When a loved one in Pennsylvania is the victim of a fatal workplace accident, it is usually possible to file a workers' compensation claim. Is also possible to recover damages from other parties? Sometimes it is. This blog post will describe certain kinds of construction injuries and whether parties other than the employer may be liable.
One common injury suffered on a construction site is injuries from falls. Sometimes, falls can be blamed on faulty equipment such as scaffolding, harnesses or ladders. In these cases, depending on the circumstances, it may be possible to hold liable the manufacturer or supplier of the faulty equipment. These parties have a duty to provide reasonably safe equipment. If they breach their duty, they may owe damages to the victim.
Another common construction site injury is injuries from faulty equipment. For example, heavy equipment - such as a forklift - could be improperly manufactured or improperly maintained by a rental company or servicer.
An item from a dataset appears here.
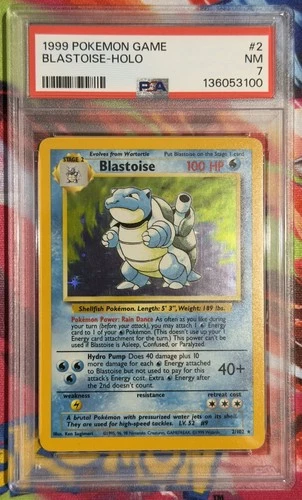 Pokémon TCG: Base Set Unlimited 1999 #2 Blastoise-Holo PSA 7
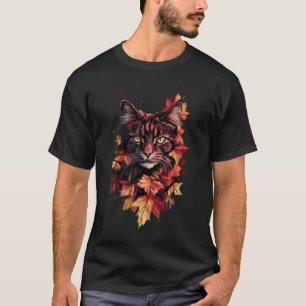 Maine Coon Katze Herbstblätter Herbst Naturliebhab T-Shirt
Construction sites can be full of potentially faulty equipment, such as nail guns, saws or even dumpsters. In these cases, the negligent party could be liable in a negligence suit. Product liability is one theory under which a liable party could be held responsible under the law.
When a workplace injury results in death, it may be possible to file a wrongful death suit against parties such as equipment manufacturers and suppliers. There may be other liable parties as well. A wrongful death attorney can examine the facts of a situation and make a preliminary estimation of who could be liable and what damages could be available.